Ode solving things will scale great is my prediction (for example, a hierarchical ode problem).

I think so too. It would be nice to see it in action.

Yeah I tried all sorts of grainsize stuff. I couldn’t get an actual problem to run fast (no matter the grainsize).

The thing that’s a little bit different for us is that if we’re doing a bunch of primitive, non-vector ops we’re creating a lot of memory on the threadlocal stacks. I’m wondering if as we make grainsize larger, before it’s large enough for the TBB to be parallel, we start to get limited by some sort of memory speed thing.

Ofc. that’s just a guess and should be tested.

Maybe - but for a number of applications which involve heavy computations we already see nice speedups, I think.

From my perspective, we should gear up to merge what we have into develop (meaning to make the code ready with all the required stuff around testing + doc + review).

What are the things on your mind before we can proceed? To me the fundamental design makes total sense in terms of what is user-facing. The inner implementation is also good for a number of important applications (and can still be improved). Thus, I would really like to see this going into on of the next (maybe even 2.23) releases.

No. _lpdf computes normalizing constants, ~ does not. This really prevents my map_reduce code from performing.

I like the language. I’m happy with that too. It was really easy to write the three example models in this thread.

As far as preparing for release, we need to clean up all the C++ and document it and such. Also the language bit needs finished up and documented and tested.

I don’t want to put this in until we have a good explanation for why these models are slow though. We need to write docs for how people use this. It’s okay if this sucks for some problems, but we should be able to say for this type of problem, expect great speedups, and for this other problem, you’re going to be super limited in the level of parallelization you can do.

Right now I don’t know why these models are slow. Writing tests and docs is straightforward. The hard problem is figuring out why these models are slow and which models are fast.

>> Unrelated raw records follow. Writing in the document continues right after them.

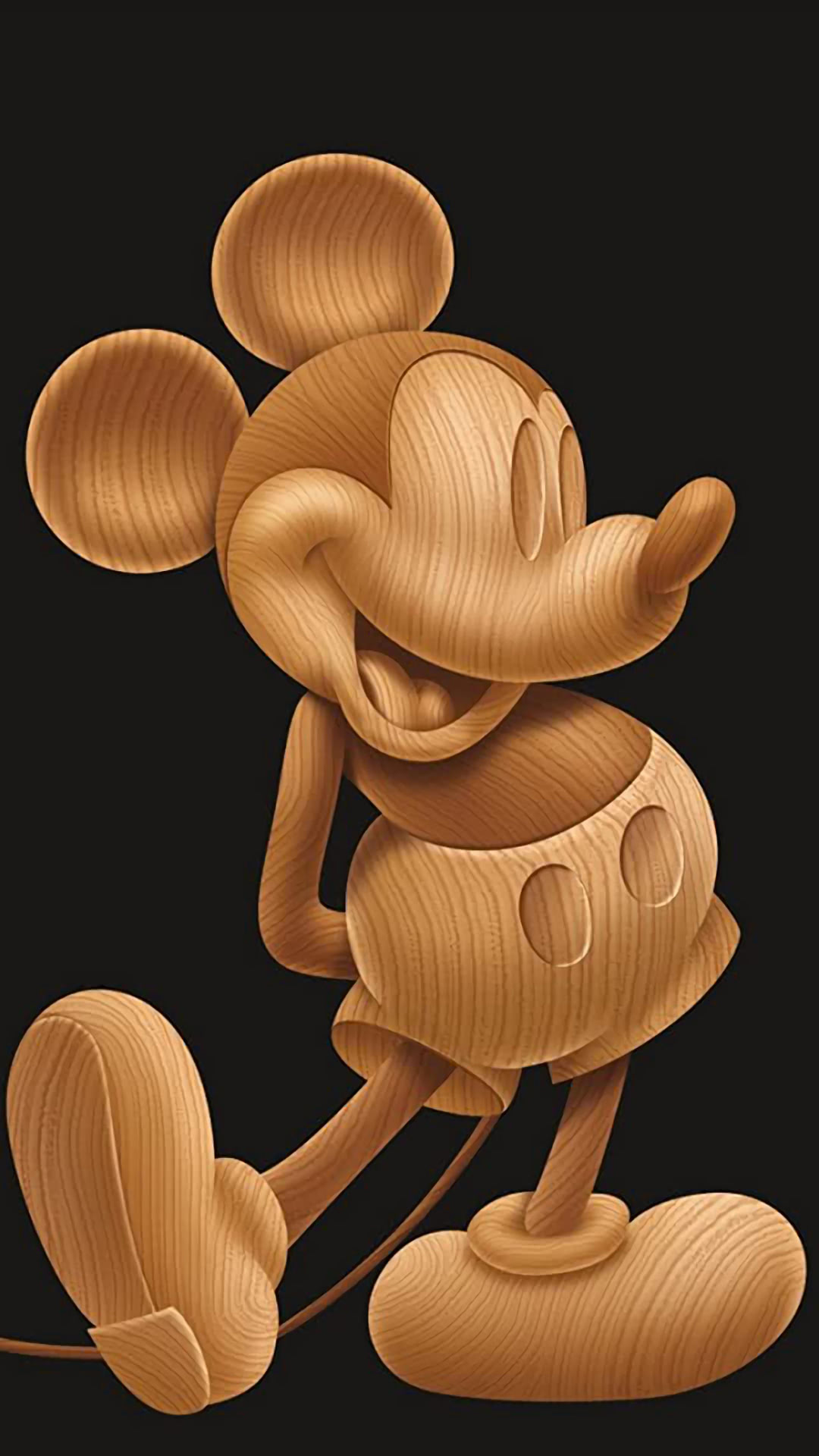 木彫りのミッキーマウス Iphone Wallpapers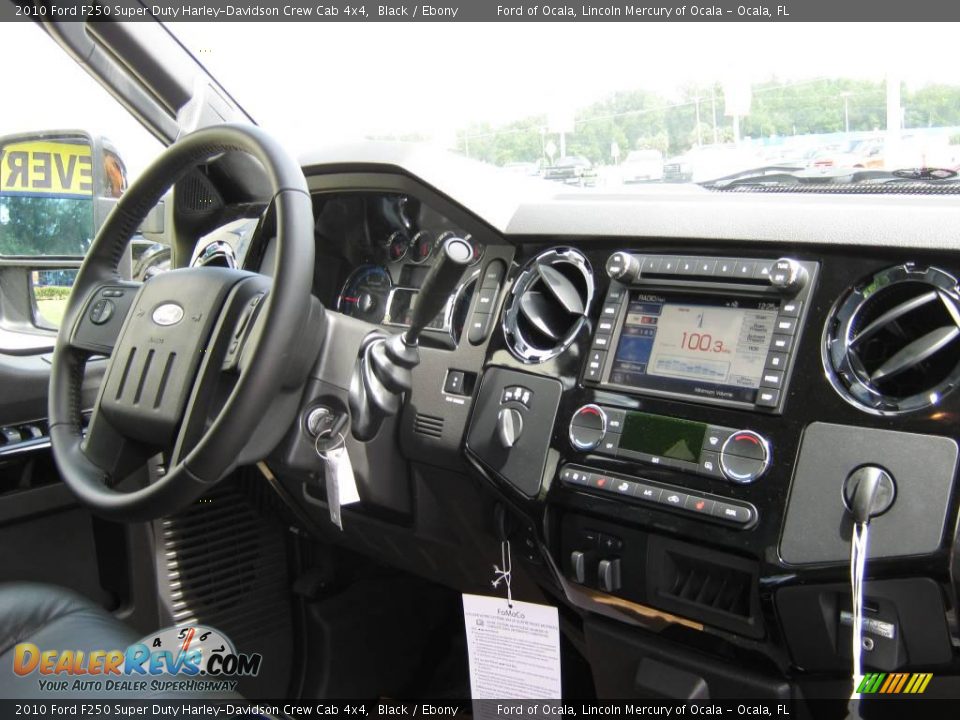2010 Ford F250 Super Duty Harley-Davidson Crew Cab 4x4 Black / Ebony Photo #22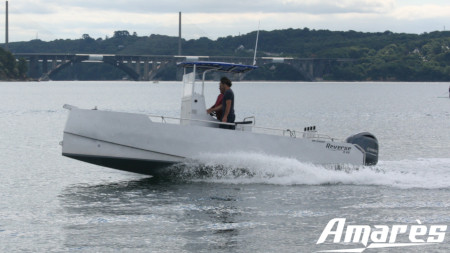 amares.fr, Reverse 6.60, bateau aluminium, plaisance et professionnels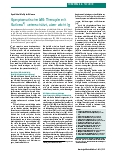 Vorschauseite 1: Spastik bei Multipler Sklerose Symptomatische MS-Therapie mit Sativex®: unterschätzt, aber wichtig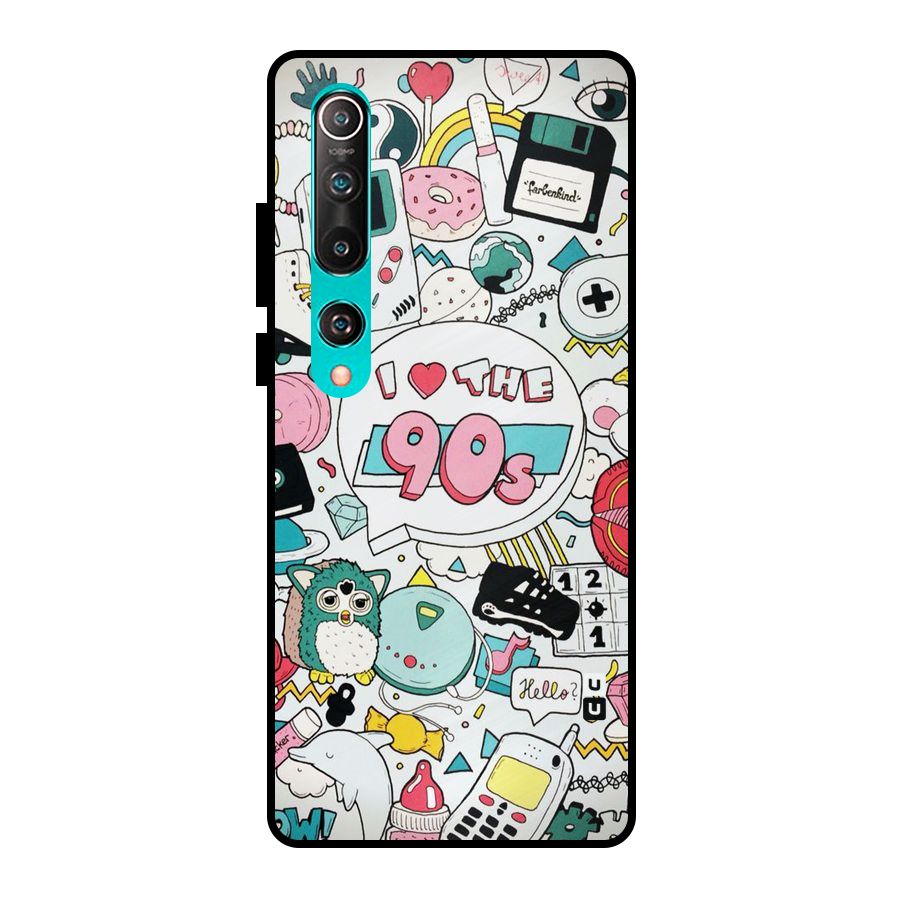 Heart 90s Metal Back Case for Mi 10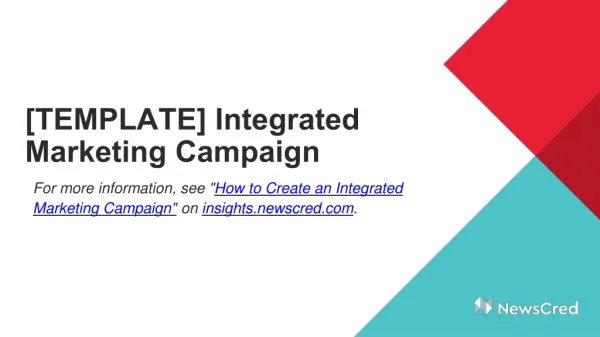 [TEMPLATE] Integrated Marketing Campaign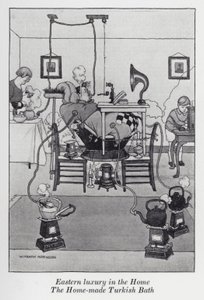 Luxe oriental à la maison, le bain turc fait maison - William Heath Robinson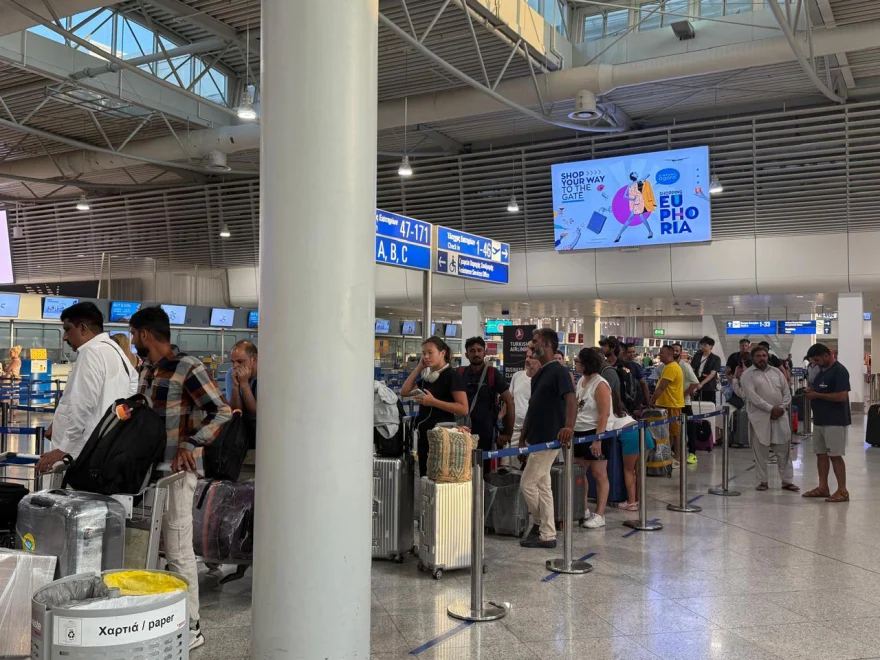 Athens airport delays spiral into hour-long waits as travellers face growing chaos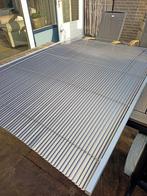 Luxaflex 216x140cm zilvergrijs, Huis en Inrichting, Stoffering | Gordijnen en Lamellen, Ophalen, Gebruikt, 100 tot 150 cm, 200 cm of meer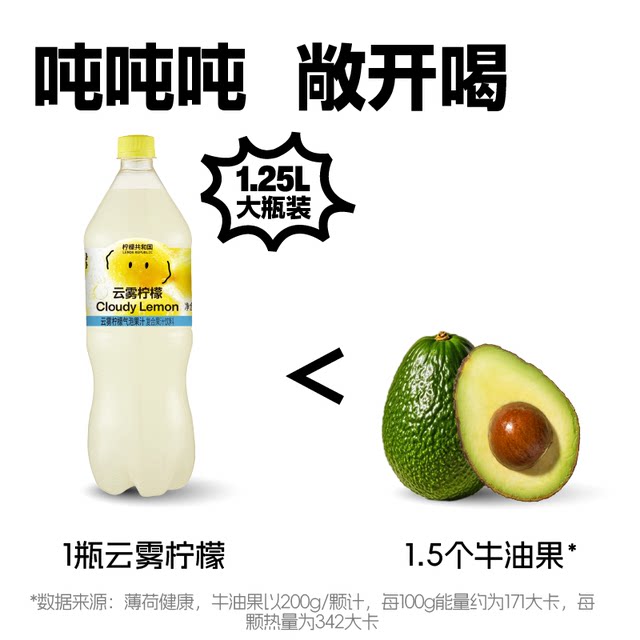 Lemon Republic Cloud Lemon Guava Fruit Drink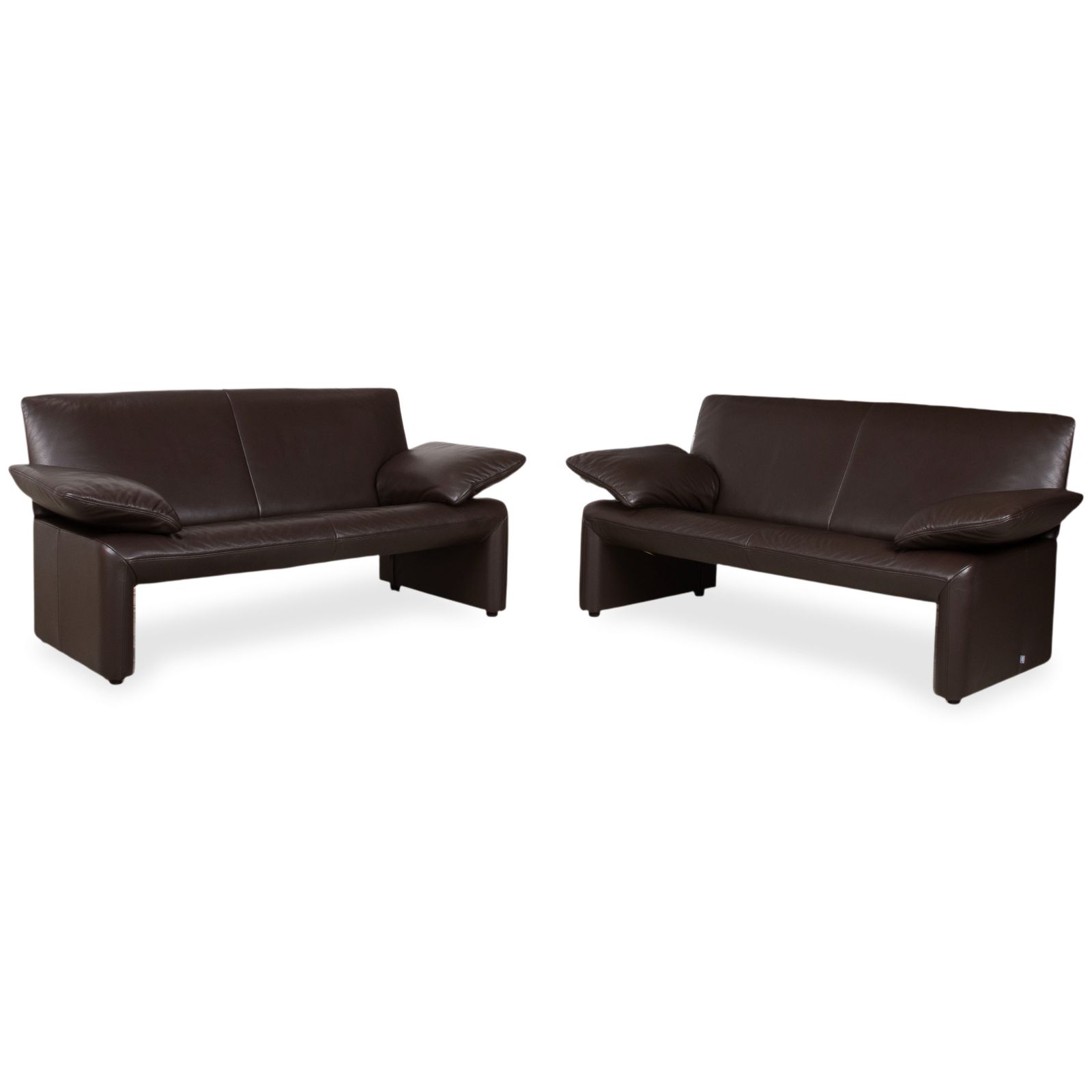 Jori Linea Set Leer 2x Tweezitter Bruin Manuele Functie Bank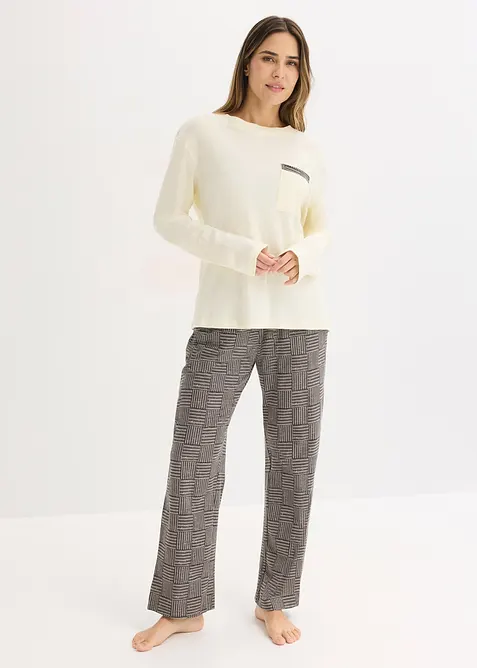 Pyjama aus weicher Baumwolle, bonprix
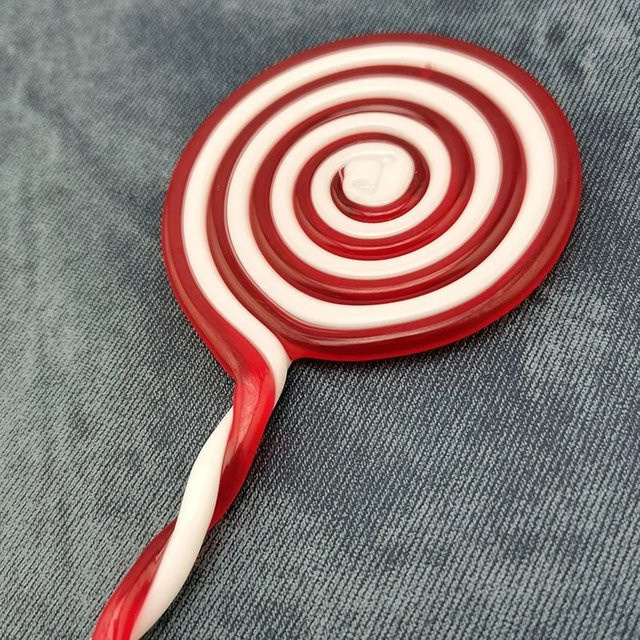 RIBBON HOUSE Weihnachtslollipop Cartoon Anhänger aus Kunststoff in Rot, Höhe: 16 cm - Bild 1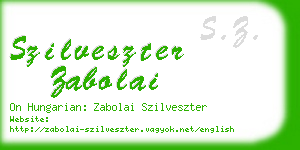 szilveszter zabolai business card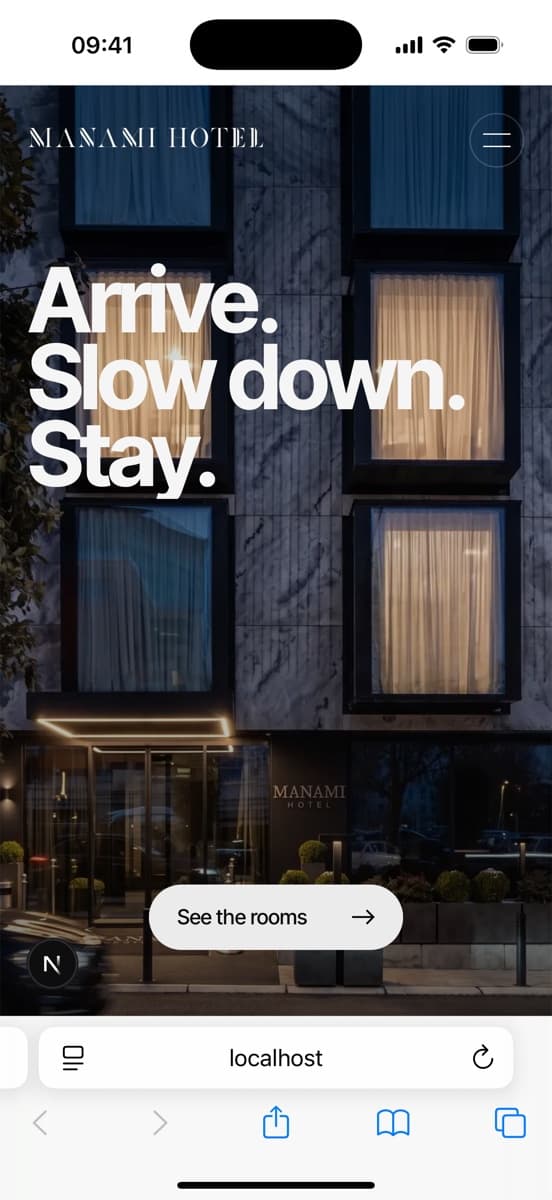 Manami Hotel, site view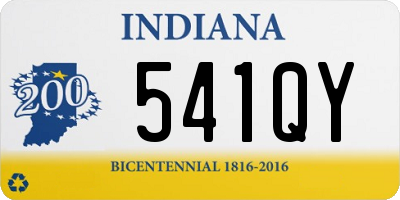 IN license plate 541QY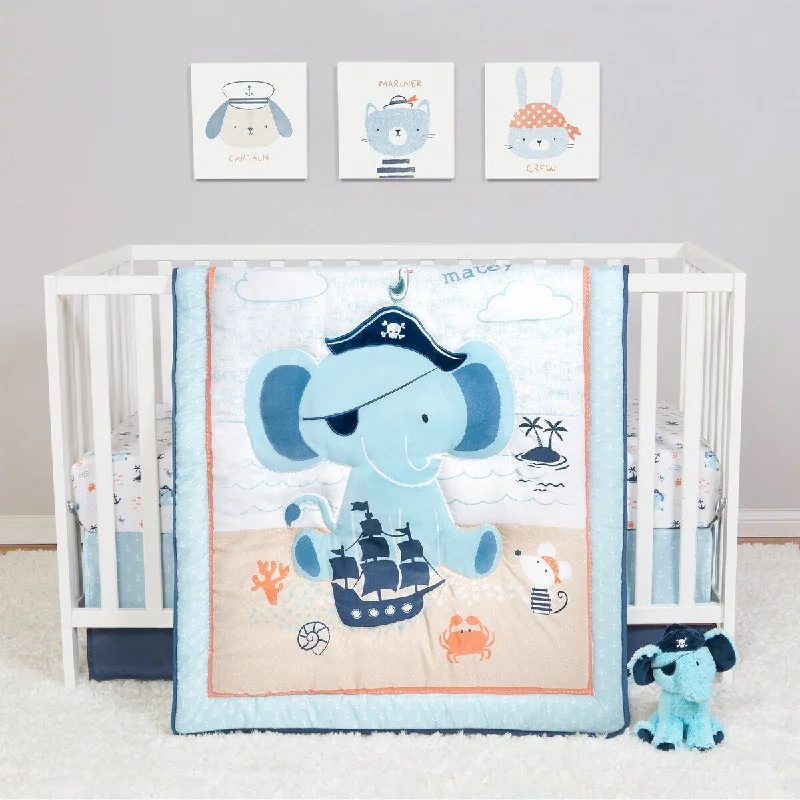 Ahoy Archie 4 Piece Crib Bedding Set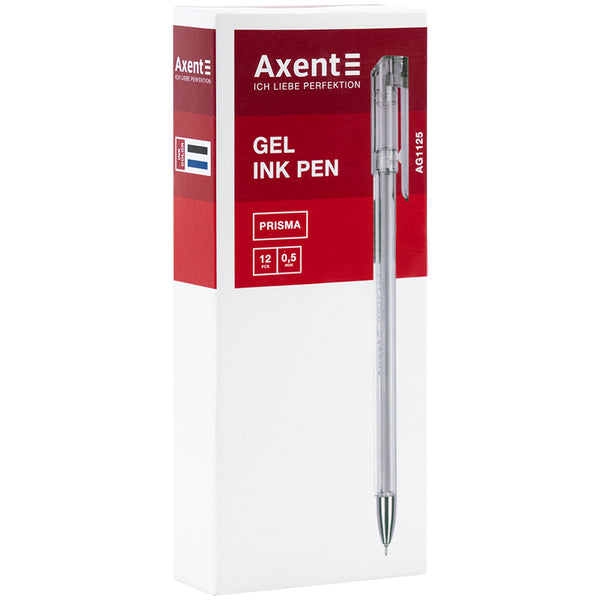 Ручка гелева Axent Prisma AG1125-01-A, 0.5 мм, чорна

For me this is already too useful to hold it back any longer. Many problems will benefit greatly from it - and we know that already now. I also don’t think that we need to be able to make perfect predictions for models which are fast or slow with this. I mean we know it’s useful for quite a number of cases.

In any case, getting better understanding would be good, of course. How about we collect the examples in an easy to execute manner and also have a wiki page on it?

My hunch is that it’s about the computational cost per unit being not adequate for the slow models (10^5 clock cycles is recommended for one task). What complicates things on top is the additional overhead due to the parallelization itself (shared arguments copying).

I think you are right in that this is a problem, but please do start a separate thread for this.

Bob we do this (target += … _lpdf) a lot when we move things into MapRect functions (unrelated to this specific parallel reduce thread). Is there a way to do this both inside MapRect (which I think means we can’t call ~) and not to compute normalizing constants that gives us the best performance characteristics? Thank you!